* **Exercise directions**:
Without the pictures, retype each line below exactly as it stands.

[Opening Working data section]

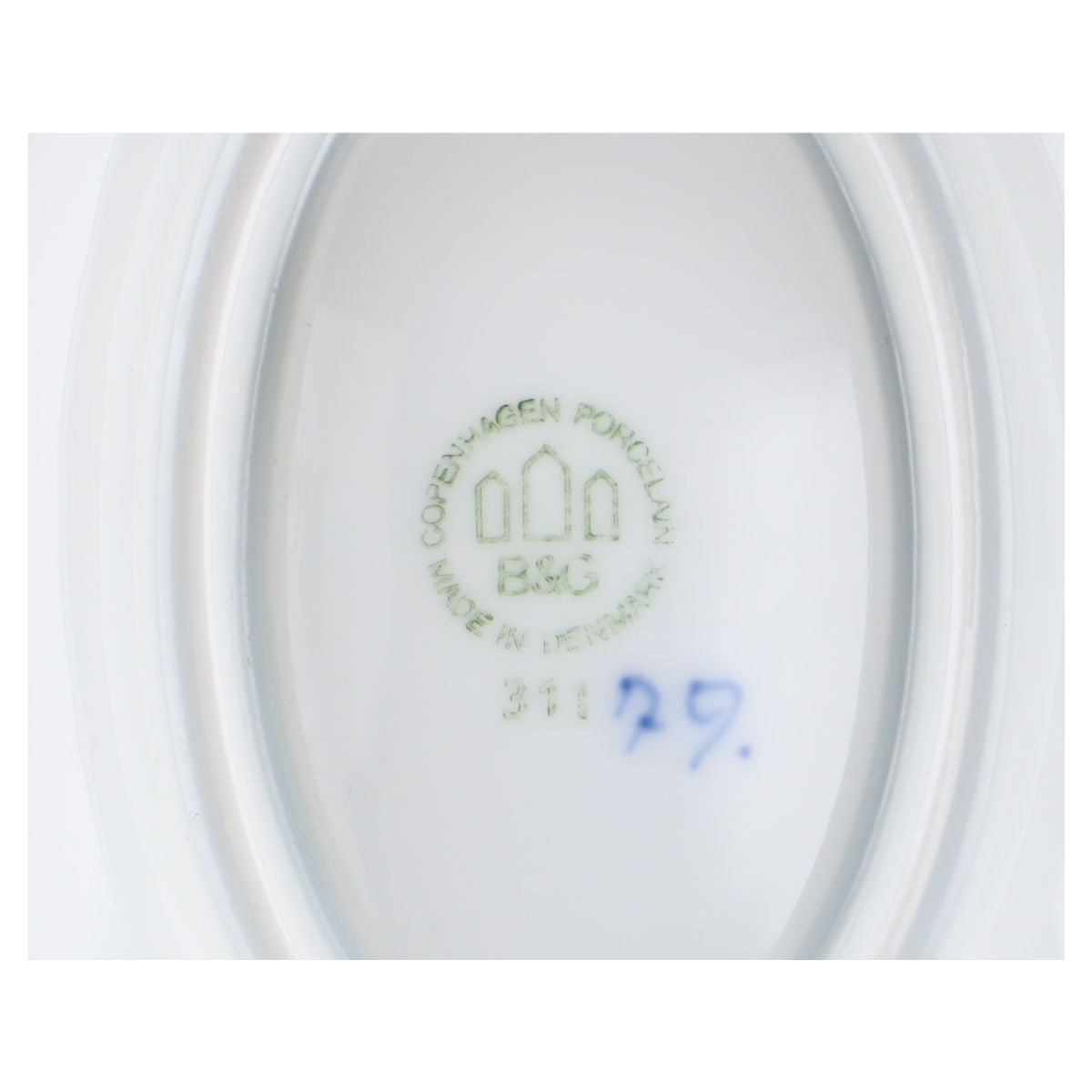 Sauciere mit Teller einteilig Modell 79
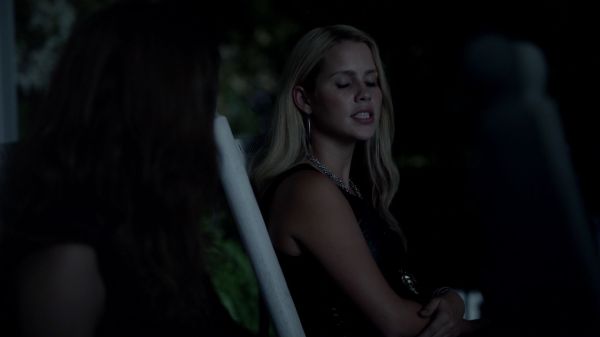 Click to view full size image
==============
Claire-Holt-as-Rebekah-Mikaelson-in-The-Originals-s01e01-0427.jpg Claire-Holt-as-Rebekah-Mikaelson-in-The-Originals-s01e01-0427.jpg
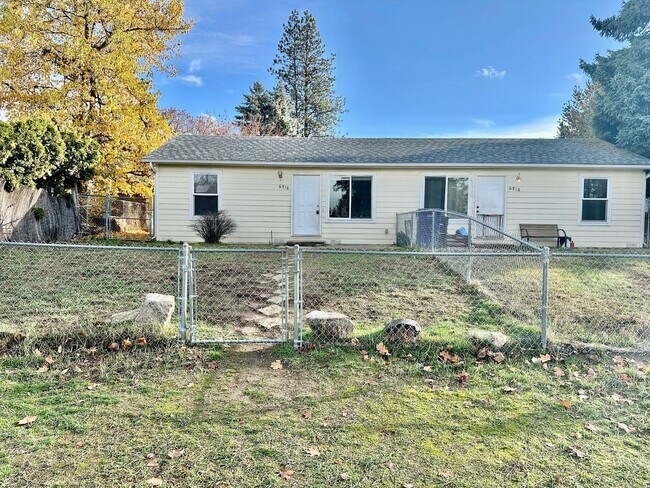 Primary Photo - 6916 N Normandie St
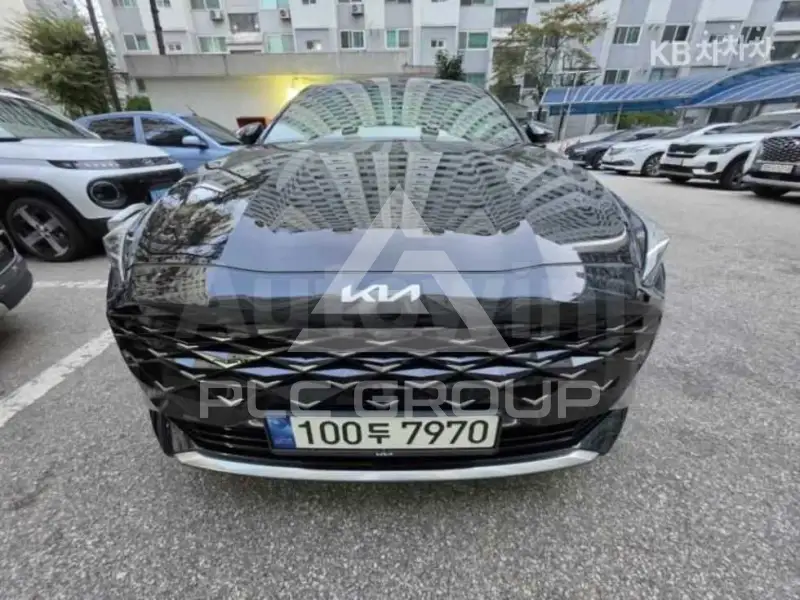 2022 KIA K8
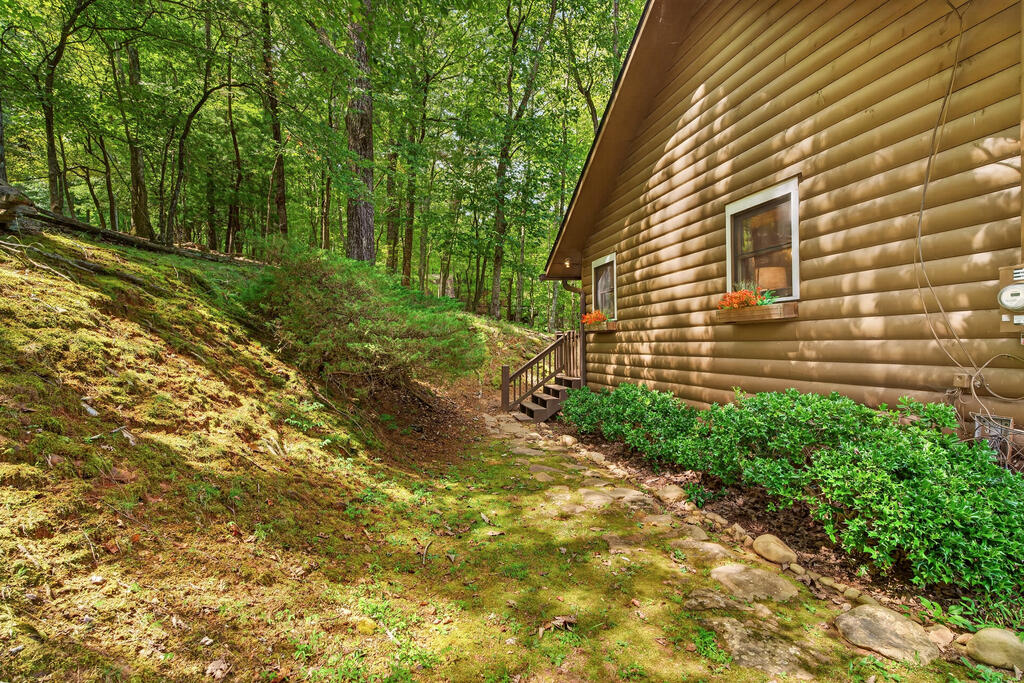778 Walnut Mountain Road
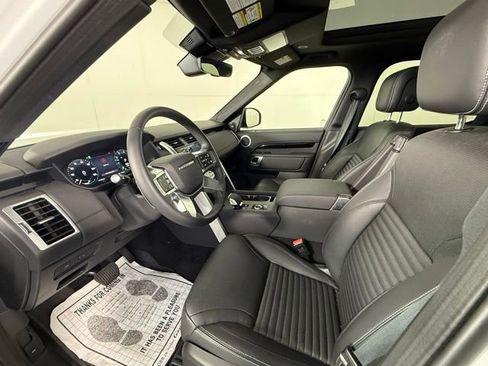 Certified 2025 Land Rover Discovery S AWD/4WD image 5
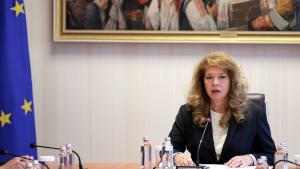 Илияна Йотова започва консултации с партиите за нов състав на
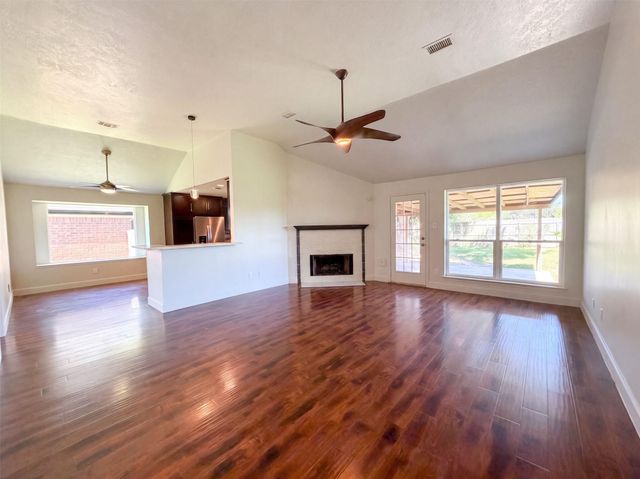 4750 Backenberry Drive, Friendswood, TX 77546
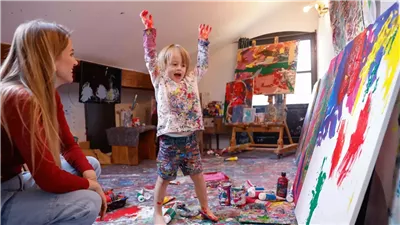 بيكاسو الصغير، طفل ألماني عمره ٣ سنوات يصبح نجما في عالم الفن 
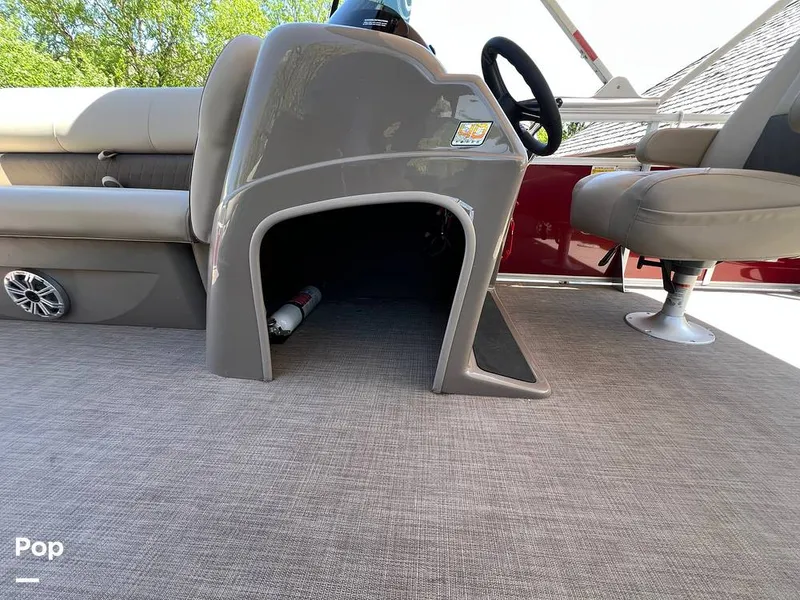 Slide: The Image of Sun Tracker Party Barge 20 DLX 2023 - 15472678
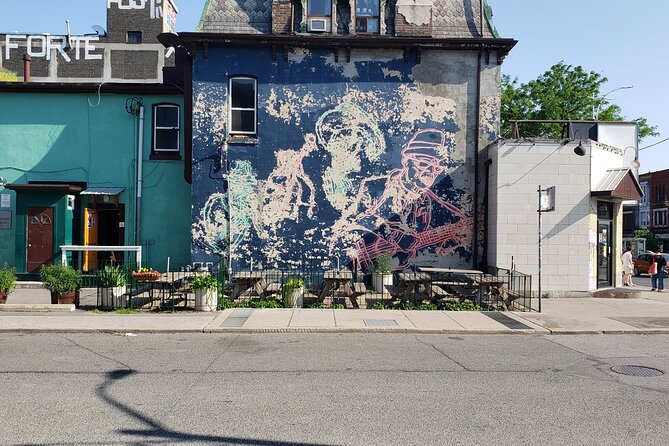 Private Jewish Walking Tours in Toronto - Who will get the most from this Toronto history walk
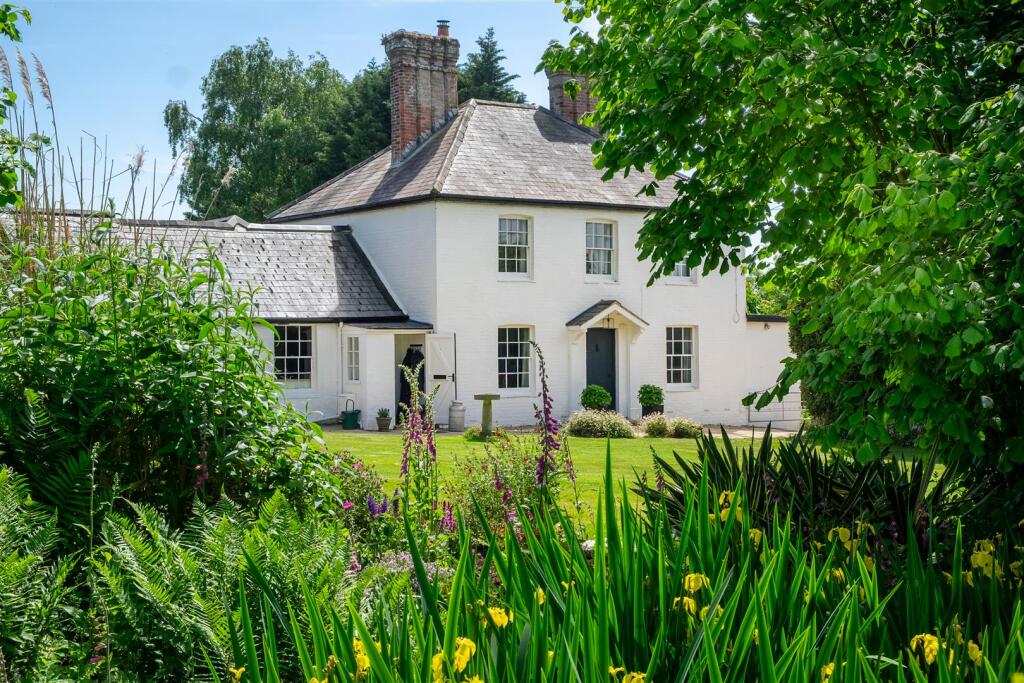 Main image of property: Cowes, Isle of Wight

[Closing Working data section]

* **Exercise answer**:
 Sauciere mit Teller einteilig Modell 79
 Click to view full size image
==============
Claire-Holt-as-Rebekah-Mikaelson-in-The-Originals-s01e01-0427.jpg Claire-Holt-as-Rebekah-Mikaelson-in-The-Originals-s01e01-0427.jpg
 Primary Photo - 6916 N Normandie St
 2022 KIA K8
778 Walnut Mountain Road
 Certified 2025 Land Rover Discovery S AWD/4WD image 5
 Илияна Йотова започва консултации с партиите за нов състав на
 4750 Backenberry Drive, Friendswood, TX 77546
 بيكاسو الصغير، طفل ألماني عمره ٣ سنوات يصبح نجما في عالم الفن 
 Slide: The Image of Sun Tracker Party Barge 20 DLX 2023 - 15472678
 Private Jewish Walking Tours in Toronto - Who will get the most from this Toronto history walk
 Main image of property: Cowes, Isle of Wight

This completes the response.